Para Barbosa, quando o governo "diz que não vai ter dinheiro para pagar" o que acontece é que "todo imposto arrecadado vai ser usado para pagar Previdência ou o governo vai ficar se endividando cada vez mais". "Se o cofre está vazio, deixo de investir, de construir estrada, escola, e fecho os hospitais para pagar salário, pensão, o que seja", analisa.
Indagado se não seria melhor que todas as categorias adequassem suas expectativas, sobretudo no momento de crise, o militar diz concordar. Segundo ele, não é "só o pacote da nova Previdência que vai resolver isso". "Muitas outras coisas que têm que ser feitas também", acrescentou, citando a cobrança de devedores à Previdência. "Até começaram a ser feitas, vários cargos foram cortados, várias outras despesas desnecessárias que tinham, e acho que vão ser cortadas. Tem que procurar o pessoal do Legislativo, do Judiciário para saber qual vai ser a cota de sacrifício deles. Porque ninguém fala de cortar nada deles", diz.
O general da reserva lamenta a ideia, difundida em setores da sociedade, de que os gastos com militares são exagerados, uma vez que a última guerra travada com vizinhos ocorreu há 150 anos. "É um erro de percepção muito grande, de que as Forças Armadas existem para fazer guerra. Elas existem para evitar a guerra. É dissuasão para que não seja molestado por vizinhos malucos."

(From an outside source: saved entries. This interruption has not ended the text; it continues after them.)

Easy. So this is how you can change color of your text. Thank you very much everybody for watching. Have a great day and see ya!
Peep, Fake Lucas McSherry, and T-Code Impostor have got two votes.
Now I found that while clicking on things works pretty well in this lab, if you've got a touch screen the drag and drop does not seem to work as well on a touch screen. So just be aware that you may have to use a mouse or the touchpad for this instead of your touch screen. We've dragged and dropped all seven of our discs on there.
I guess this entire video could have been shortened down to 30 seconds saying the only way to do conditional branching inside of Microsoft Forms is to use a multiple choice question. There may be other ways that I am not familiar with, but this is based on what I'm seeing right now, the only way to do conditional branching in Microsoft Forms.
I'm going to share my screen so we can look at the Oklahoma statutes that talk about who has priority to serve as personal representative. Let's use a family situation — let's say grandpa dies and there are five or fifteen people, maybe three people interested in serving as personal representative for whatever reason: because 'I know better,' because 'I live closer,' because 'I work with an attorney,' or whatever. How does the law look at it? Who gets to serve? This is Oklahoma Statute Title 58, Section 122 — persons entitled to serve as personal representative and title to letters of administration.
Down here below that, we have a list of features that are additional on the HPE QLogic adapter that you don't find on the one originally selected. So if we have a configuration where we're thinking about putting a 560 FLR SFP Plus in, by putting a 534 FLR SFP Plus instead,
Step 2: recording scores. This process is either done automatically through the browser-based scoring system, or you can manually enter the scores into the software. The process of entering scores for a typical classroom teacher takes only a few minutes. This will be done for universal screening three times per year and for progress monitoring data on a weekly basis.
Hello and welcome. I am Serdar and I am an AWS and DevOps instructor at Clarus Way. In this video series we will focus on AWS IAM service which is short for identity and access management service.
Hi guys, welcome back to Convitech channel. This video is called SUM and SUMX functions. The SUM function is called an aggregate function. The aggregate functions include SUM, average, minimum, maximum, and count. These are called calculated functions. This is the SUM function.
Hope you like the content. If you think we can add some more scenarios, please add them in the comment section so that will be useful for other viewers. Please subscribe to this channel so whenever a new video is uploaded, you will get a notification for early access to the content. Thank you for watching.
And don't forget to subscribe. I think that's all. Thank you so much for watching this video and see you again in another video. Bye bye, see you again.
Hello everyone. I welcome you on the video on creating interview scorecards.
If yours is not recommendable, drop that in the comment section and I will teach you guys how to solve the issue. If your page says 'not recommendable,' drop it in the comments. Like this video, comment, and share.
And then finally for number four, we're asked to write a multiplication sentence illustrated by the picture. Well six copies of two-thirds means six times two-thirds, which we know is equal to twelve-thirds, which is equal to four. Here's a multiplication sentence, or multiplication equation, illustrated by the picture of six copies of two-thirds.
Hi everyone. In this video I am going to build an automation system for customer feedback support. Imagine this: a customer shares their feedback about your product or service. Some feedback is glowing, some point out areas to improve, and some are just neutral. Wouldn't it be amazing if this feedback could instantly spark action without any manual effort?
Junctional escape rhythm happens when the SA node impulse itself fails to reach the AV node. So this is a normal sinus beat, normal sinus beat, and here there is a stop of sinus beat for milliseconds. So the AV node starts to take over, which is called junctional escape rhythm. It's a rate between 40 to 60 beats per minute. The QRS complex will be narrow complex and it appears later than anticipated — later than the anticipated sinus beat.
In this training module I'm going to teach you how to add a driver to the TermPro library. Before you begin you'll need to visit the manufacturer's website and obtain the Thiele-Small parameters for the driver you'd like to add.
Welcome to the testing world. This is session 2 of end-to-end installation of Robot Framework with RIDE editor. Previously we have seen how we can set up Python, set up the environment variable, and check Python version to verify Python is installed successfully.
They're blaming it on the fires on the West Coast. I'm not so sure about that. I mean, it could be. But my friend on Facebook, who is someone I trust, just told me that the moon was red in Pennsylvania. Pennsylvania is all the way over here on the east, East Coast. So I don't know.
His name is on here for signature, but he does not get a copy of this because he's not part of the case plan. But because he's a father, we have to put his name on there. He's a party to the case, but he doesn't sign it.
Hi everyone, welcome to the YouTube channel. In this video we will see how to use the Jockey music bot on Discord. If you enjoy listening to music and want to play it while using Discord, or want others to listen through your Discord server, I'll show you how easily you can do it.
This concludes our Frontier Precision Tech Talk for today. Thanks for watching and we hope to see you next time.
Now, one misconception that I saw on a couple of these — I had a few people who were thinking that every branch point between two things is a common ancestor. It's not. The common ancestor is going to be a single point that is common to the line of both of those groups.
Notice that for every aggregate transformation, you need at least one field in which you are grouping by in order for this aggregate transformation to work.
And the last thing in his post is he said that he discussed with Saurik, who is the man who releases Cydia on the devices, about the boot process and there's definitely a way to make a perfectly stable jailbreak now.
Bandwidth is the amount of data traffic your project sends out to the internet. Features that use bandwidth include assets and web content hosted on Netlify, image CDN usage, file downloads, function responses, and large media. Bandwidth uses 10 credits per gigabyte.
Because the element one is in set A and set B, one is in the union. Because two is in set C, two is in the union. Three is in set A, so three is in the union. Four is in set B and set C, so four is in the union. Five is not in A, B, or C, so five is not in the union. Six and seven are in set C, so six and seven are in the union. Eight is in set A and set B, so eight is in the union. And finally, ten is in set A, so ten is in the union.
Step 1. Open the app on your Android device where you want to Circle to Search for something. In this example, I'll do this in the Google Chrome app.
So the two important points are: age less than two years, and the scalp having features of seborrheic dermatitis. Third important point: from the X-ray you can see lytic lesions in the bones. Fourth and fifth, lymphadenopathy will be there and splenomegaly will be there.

Para Barbosa, a situação com a Venezuela não é de guerra, mas é preocupante. A invasão está longe de ser opção, sustenta: "A Constituição nos proíbe disso". Já o apoio à intervenção de outro país, como os Estados Unidos, com a permissão do uso do território nacional para operações americanas, "é uma decisão de governo". O general afirma que o problema não "é grave a ponto de necessitar uma intervenção militar".